How to complete this task — The text of every record, exactly as given and with no pictures, should be your output.
[Opening Data supplied section]
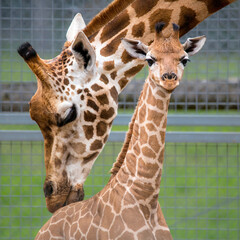 Rothschild giraffe and new baby giraffe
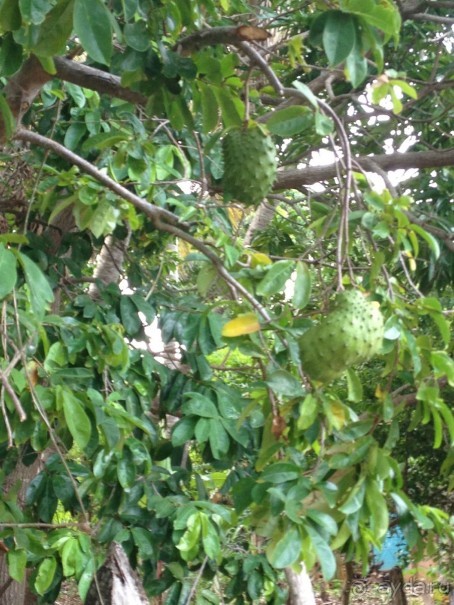 Наше путешествие по Доминикане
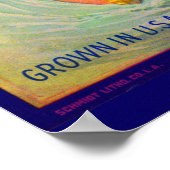 Poster Les oranges de la marque Victoria étiquette dans l (Coin)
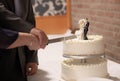 Closeup of couple cutting wedding cake with groom and bride Royalty Free Stock Photo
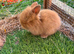 2 baby lion lops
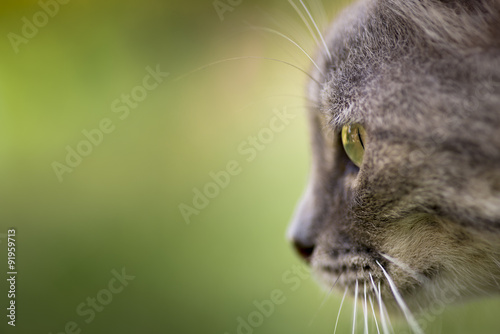 Fototapeta Naklejka Na Ścianę i Meble -  Eye of a gray cat.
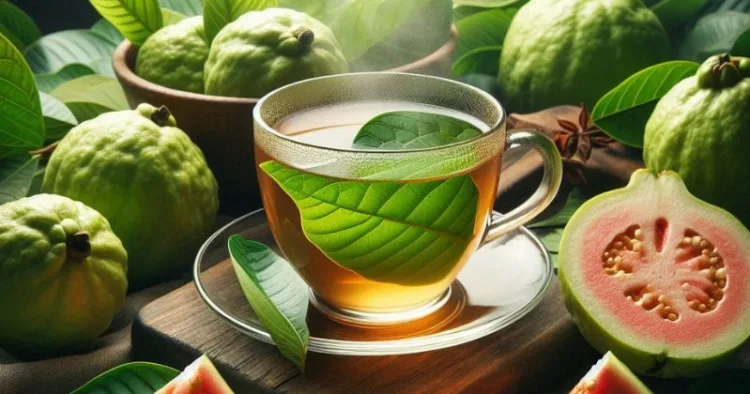 Guava Leaf Tea Benefits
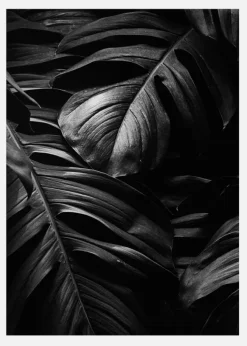 Black Leaves Canvastavla (30x40 cm)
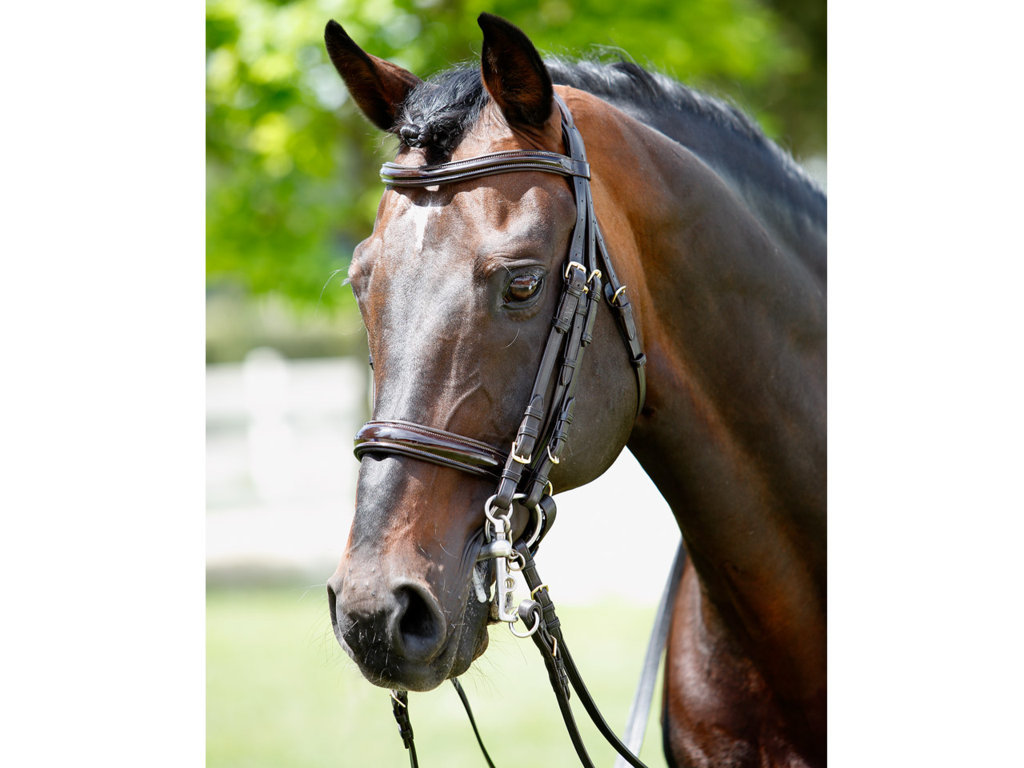 Tattini Bridle Curb/snaffle Patent Eco Double Reins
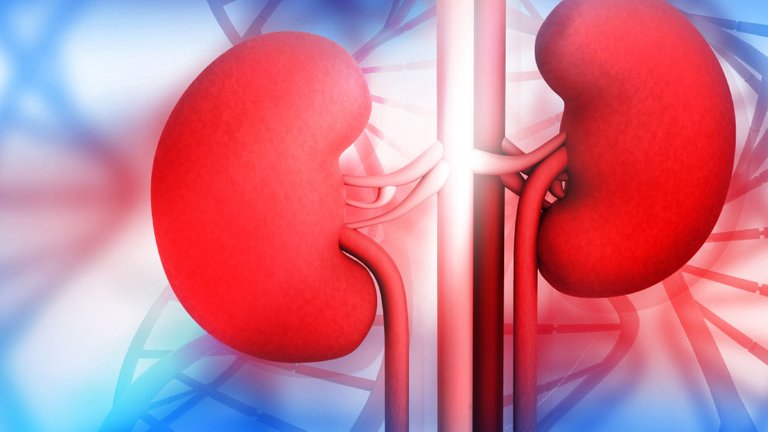 Keeping-Kidneys-Healthy.jpg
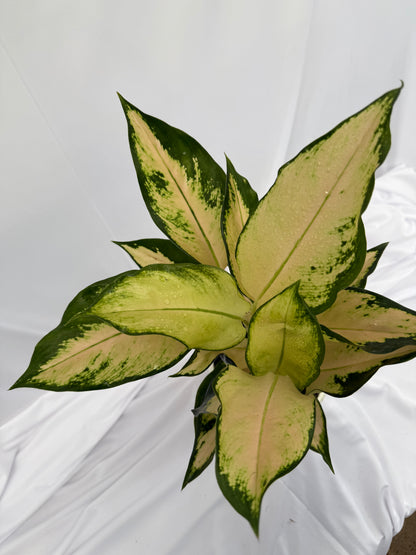 ⁠Aglaonema Snow White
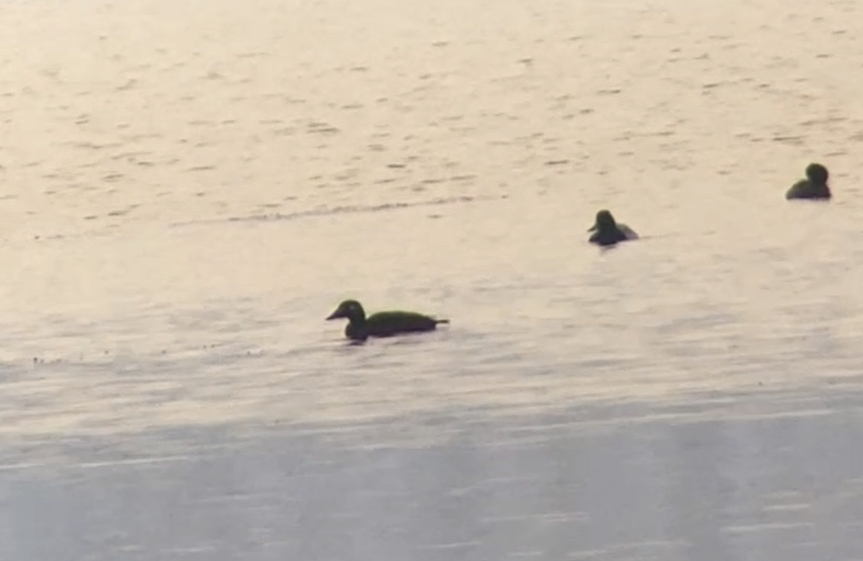 White-winged Scoter - ML646523672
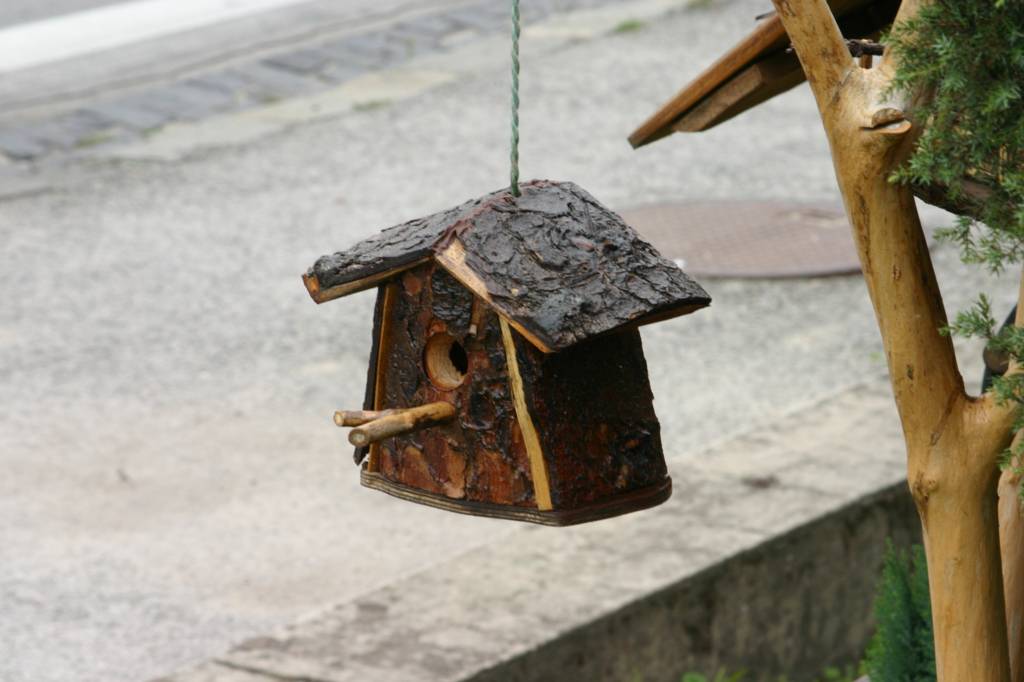 IMG_7771.JPG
[Closing Data supplied section]
Exercise solution —
 Rothschild giraffe and new baby giraffe
 Наше путешествие по Доминикане
 Poster Les oranges de la marque Victoria étiquette dans l (Coin)
 Closeup of couple cutting wedding cake with groom and bride Royalty Free Stock Photo
 2 baby lion lops
 Fototapeta Naklejka Na Ścianę i Meble -  Eye of a gray cat.
 Guava Leaf Tea Benefits
 Black Leaves Canvastavla (30x40 cm)
 Tattini Bridle Curb/snaffle Patent Eco Double Reins
 Keeping-Kidneys-Healthy.jpg
 ⁠Aglaonema Snow White
 White-winged Scoter - ML646523672
 IMG_7771.JPG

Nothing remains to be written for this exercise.